Not everybody knows exactly what we are doing here. I want to take a few minutes to explain our weekly schedule and tell a bit of our story the same way we do to those we meet here at our community center in San Pedro.


We left Canada with under $2,000CAD to our name. This detail is a crucial part of the story as it highlights the leap of faith we took when leaving Canada. We gave ourselves no option other than to press forward until we established a new life here in Guatemala. The more I wrote about our experiences and thoughts, the more readers we gained as time went on. One by one, we began to build support and monthly contributors. We built a community focused on giving and making a difference.

The saying about finding a job you love so that you never have to work another day in your life has never rung more true. We are running off our feet working uncountable hours on the projects, the website, and this blog but are so far loving *almost* every minute of it.

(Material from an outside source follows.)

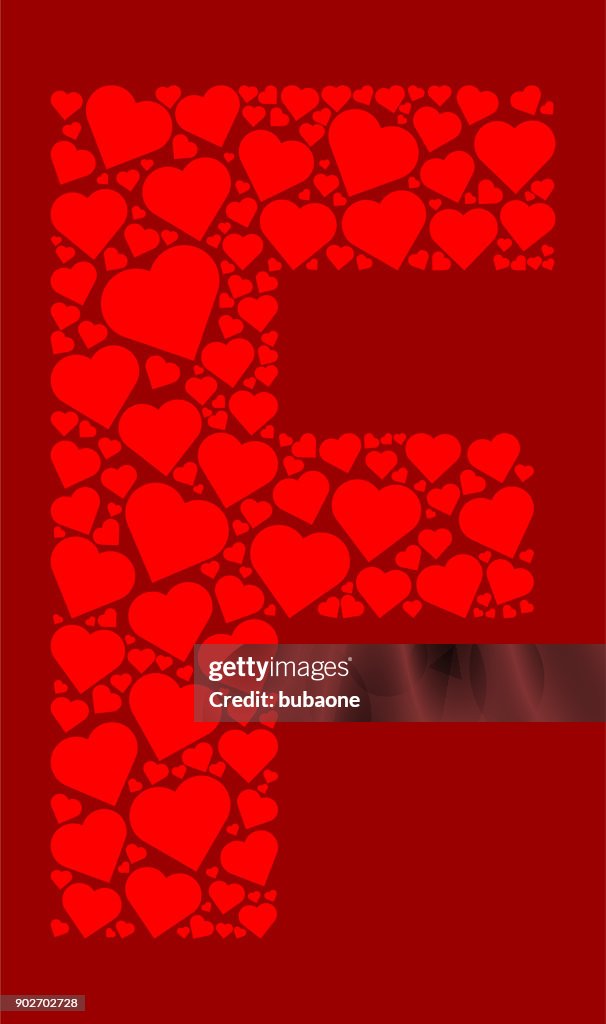 Letter F Icon With Red Hearts Love Pattern High-Res Vector Graphic - Getty  Images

Establishing "Giving" as a job.


Having grown up in Peru, I arrived in Guatemala very aware of the difference just 20$ can make in the life of someone here. We set out to raise Canadian funds from our community of friends and family to see how much of an impact we could have. It's hard to explain to anyone that has not witnessed this level of financial poverty. Twenty dollars is two full days' wage here for a field worker, taxi driver, shopkeeper, tailor, etc. Finding sustainable ways to help increase someone's income by 10$/day is a potentially life-changing venture for them and their family. We have positioned ourselves as fundraisers to give families a hand up when needed. We enjoy seeing lasting results.


Kids' club



Niños para un Mejor San Juan continues to develop, and new ideas to benefit the children's future continue to be implemented. We have worked hard this month with the help of many volunteers in establishing a food forest. We have planted mangos trees, avocado trees, fig trees, orange and lemon trees, and a blackberry patch. We have prepared new garden beds with the vision of teaching the children from the club that "You don't have to be wealthy to be healthy!" The reality is food does not need to be bought. It can be grown, and in these conditions, for free. We will teach how to sprout seeds and grow the plants in the recycled bottles we collect from the beach. We are so excited about this initiative.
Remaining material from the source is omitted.